Hamming presented a four-step design method for FIR filters using Fourier series.

Step 1: Specify the Ideal Response

Define H_ideal(f): the exact frequency response you want. For a lowpass filter: H = 1 for f < f_c, H = 0 for f > f_c. This is a step function in the frequency domain.

Step 2: Compute Fourier Coefficients

Expand H_ideal(f) as a Fourier series in the frequency variable. The coefficients c_k are the filter's ideal impulse response values:

c_k = ∫₀¹ H_ideal(f) · e^{i2πfk} df

For a lowpass filter with cutoff f_c: c_k = sin(2πf_c·k) / (πk) for k ≠ 0, c_0 = 2f_c.

This impulse response is infinite — the sinc function extends forever in time. A practical filter needs a finite number of coefficients.

Step 3: Truncate to 2N+1 Terms

Keep only coefficients c_k for |k| ≤ N. This rectangular window of 2N+1 terms is the simplest truncation. It produces the Gibbs phenomenon: ≈9% overshoot near the cutoff.

Step 4: Apply a Window

Multiply the truncated coefficients by a window function w_k to reduce Gibbs overshoot:

c̃_k = c_k · w_k

The windowed coefficients c̃_k define the practical filter.

Gibbs Phenomenon & Window Functions

Computing Fourier Coefficients

The Fourier coefficient formula c_k = sin(2πf_c·k) / (πk) for a lowpass filter with cutoff f_c gives the impulse response.

For a bandpass filter with lower cutoff f_l and upper cutoff f_u, the Fourier coefficient for the ideal response is: c_k = [sin(2πf_u·k) − sin(2πf_l·k)] / (πk).

For a lowpass filter with cutoff f_c = 1/4, compute the Fourier coefficients c_k for k = 0, 1, 2, and −1. Use c_0 = 2f_c and c_k = sin(2πf_c·k)/(πk) for k ≠ 0. Show the computation for each. Then explain why the coefficient sequence is symmetric: c_k = c_{−k}.

How Windows Reduce Gibbs Overshoot

A window function w_k tapers the truncated coefficient sequence from its central value down to zero at the edges. The taper removes the sharp edges introduced by rectangular truncation.

Why Tapering Works

Gibbs overshoot arises because the rectangular window's Fourier transform (the sinc function) has large sidelobes. These sidelobes add together near the discontinuity to produce the ≈9% overshoot.

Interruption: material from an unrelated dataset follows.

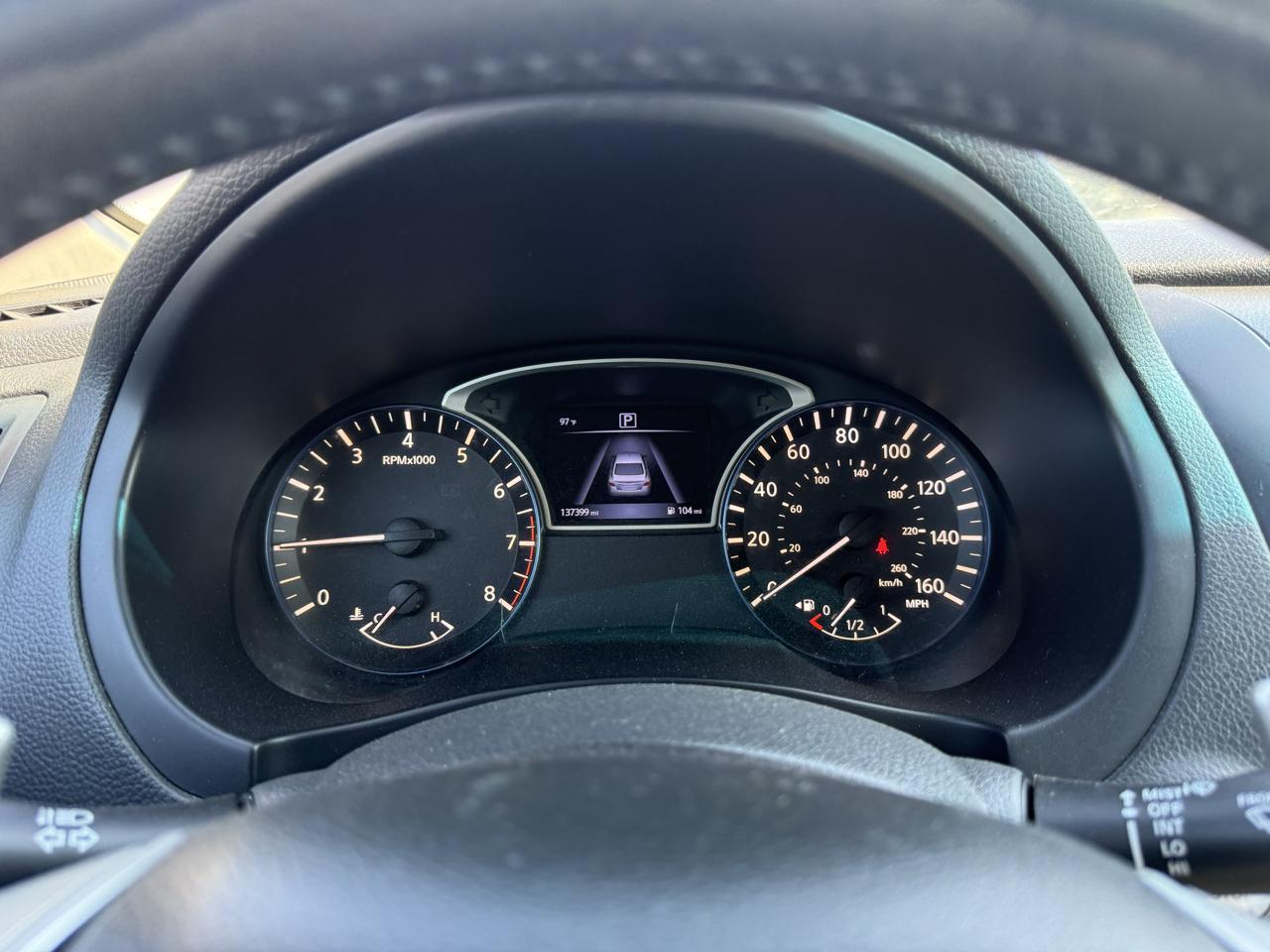 Nissan Altima 2.5 SR 2016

A smooth window has a Fourier transform with smaller sidelobes. Multiplying the coefficients by the window convolves the ideal frequency response with the window's Fourier transform. Smaller sidelobes → less ripple.

Common Windows

Rectangular (no windowing): sidelobes ≈ −13 dB, Gibbs ≈ 9%.

Hann (von Hann): w_k = 0.5 + 0.5·cos(πk/N). Sidelobes ≈ −31 dB.

Hamming: w_k = 0.54 + 0.46·cos(πk/N). Sidelobes ≈ −41 dB, first sidelobe ≈ −43 dB. Gibbs < 0.2%.

Kaiser: w_k = I₀(α·√(1−(k/N)²)) / I₀(α). Tunable: α controls the sidelobe level, allowing a design to trade off sidelobe height vs transition band width.

The Window Trade-Off

Every window imposes a trade-off: suppressing sidelobes always widens the main lobe.

A wider main lobe means a wider transition band — the range of frequencies between passband & stopband.

Hamming formalized this in terms of Kaiser's design parameters:

- δ: allowable ripple (vertical tolerance from ideal — how much the response can deviate from 0 or 1)

- ΔF: transition width (horizontal tolerance — how narrow the transition from pass to stop)

Kaiser's method finds both N (number of coefficients) and α (the window shape parameter) from δ and ΔF alone. No guessing the window type.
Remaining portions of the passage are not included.